Document number: D1791r0
Date:            2019-06-16
Project:         Programming Language C++
Audience:        SG1
Reply-to:        Christopher Kohlhoff <chris {at} kohlhoff_dot_com>
                 Jamie Allsop <jamie.allsop {at} clearpool_dot_io>

Evolution of the P0443 Unified Executors Proposal to accommodate new requirements

Introduction

This paper proposes an updated consensus design for executors as a revision of the existing consensus paper A Unified Executors Proposal for C++, P0443r10 which incorporates, or explicitly addresses as appropriate, new requirements which have emerged since that paper was produced. The follow-up to this paper would be a revision 11 of P0443r10.

Recap on what P0443 presents

P0443 establishes:

core concepts to represent task submission, and
facilities to allow interoperability between otherwise disparate domain models that require executors.

Importantly, P0443 does not seek to specify high level control structures (such as algorithms), but rather provide a foundation for building these structures.

This is achieved by standardising a vocabulary of well-known properties related to execution. This in itself is extensible to accommodate future expansion of this standardised vocabulary, and also facilitates the expression of domain-specific, and indeed application-specific, requirements.

Framing the discussion

The debates and efforts surrounding the standardisation of executors has been a long journey with many participants, starting in earnest back in 2012, but has origins well before that with different use cases motivating disparate views on what the “one true” executor abstraction should look like.

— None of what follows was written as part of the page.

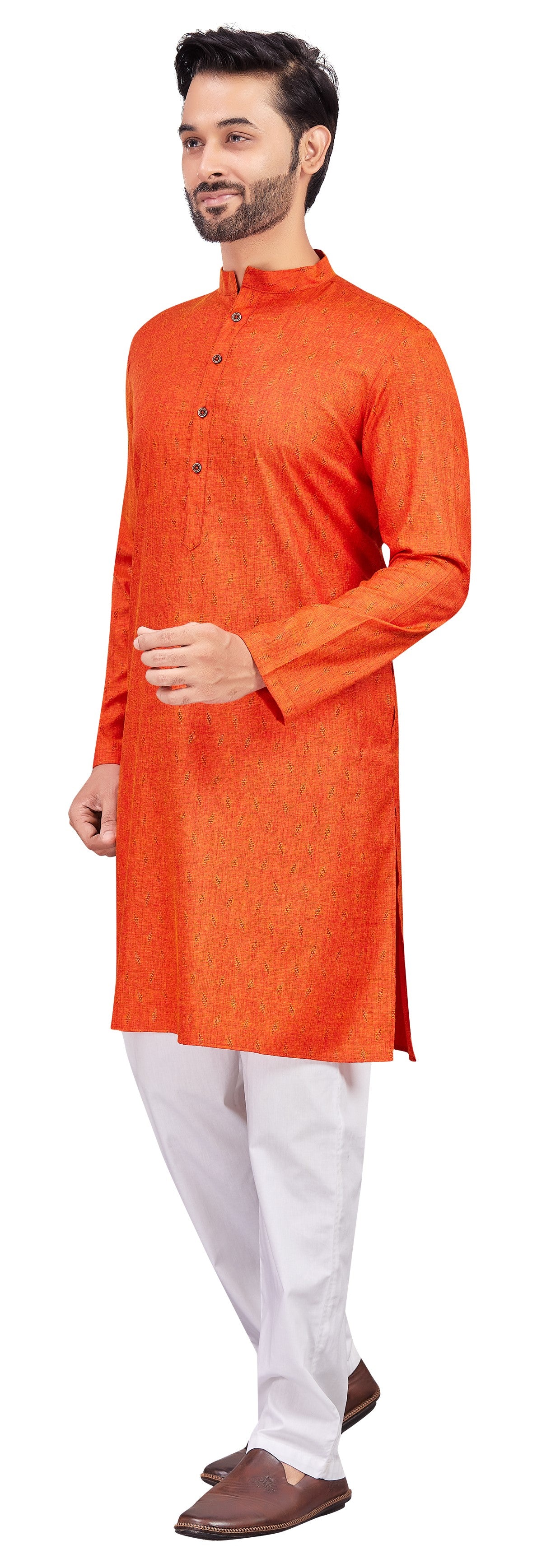 Men's Orange Cotton Blended Jacquard Knee Length Kurta (Design 193)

A number of distinct proposals emerged from that initial work, each with important but differing views on the best way forward, motivated by their different use cases and core requirements. At that time one option could have been to allow each to continue evolution in relative isolation with a view to eventual standardisation of multiple related, but distinct, executor abstractions. However, the view of SG1 was that a single executor abstraction was preferred, and so direction was given to the authors of the various proposals to make an effort to find a consensus proposal that would allow the standardisation of that single, or more precisely, unified abstraction.

After many months of discussion and debate an initial revision of A Unified Executors Proposal for C++, P0443 was produced, in late 2016. Then in 2017 the Executors Design Document was produced as a companion document to P0443 to capture and document the design decisions that underpinned the work in P0443.

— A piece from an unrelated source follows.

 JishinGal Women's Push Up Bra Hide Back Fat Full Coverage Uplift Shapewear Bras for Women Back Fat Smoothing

Since that initial version, P0443 has undergone 10 revisions, taking onboard the views from a large body of experts representing both their respective view points, their industries and domains, and their companies. This has included such organisations and groups as Google, Sandia National Labs, Codeplay, Facebook, Nasdaq, Clearpool.io, Nvidia, Stellar Group, Microsoft, RedHat, HPX, HPC, and domains such as Ultra Low Latency Finance, Embedded Systems, APU, GPU, SYCL, Networking, Machine Learning, Library Development and Big Data to name a few.

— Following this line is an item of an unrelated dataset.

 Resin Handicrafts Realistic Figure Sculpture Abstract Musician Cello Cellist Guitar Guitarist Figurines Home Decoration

In addition many more have influenced the paper through discussions at standards meetings and other mediums. In all more than 100 papers and revisions have been produced that either directly or indirectly have significantly impacted the consensus position represented by P0443.

In summary P0443 represents a significant body of compromise and consensus seeking. When the parties represented by P0443 began their journey, we all saw our own requirements as essential and therefore universally applicable. As a result initial compromises were focused on gaining buy-in from other parties that those requirements were in fact universal and should be accepted as such. A significant part of the consensus building experience was to realise that while they may be essential in a particular domain, they were not universal and so some method of satisfying that reality needed to be found.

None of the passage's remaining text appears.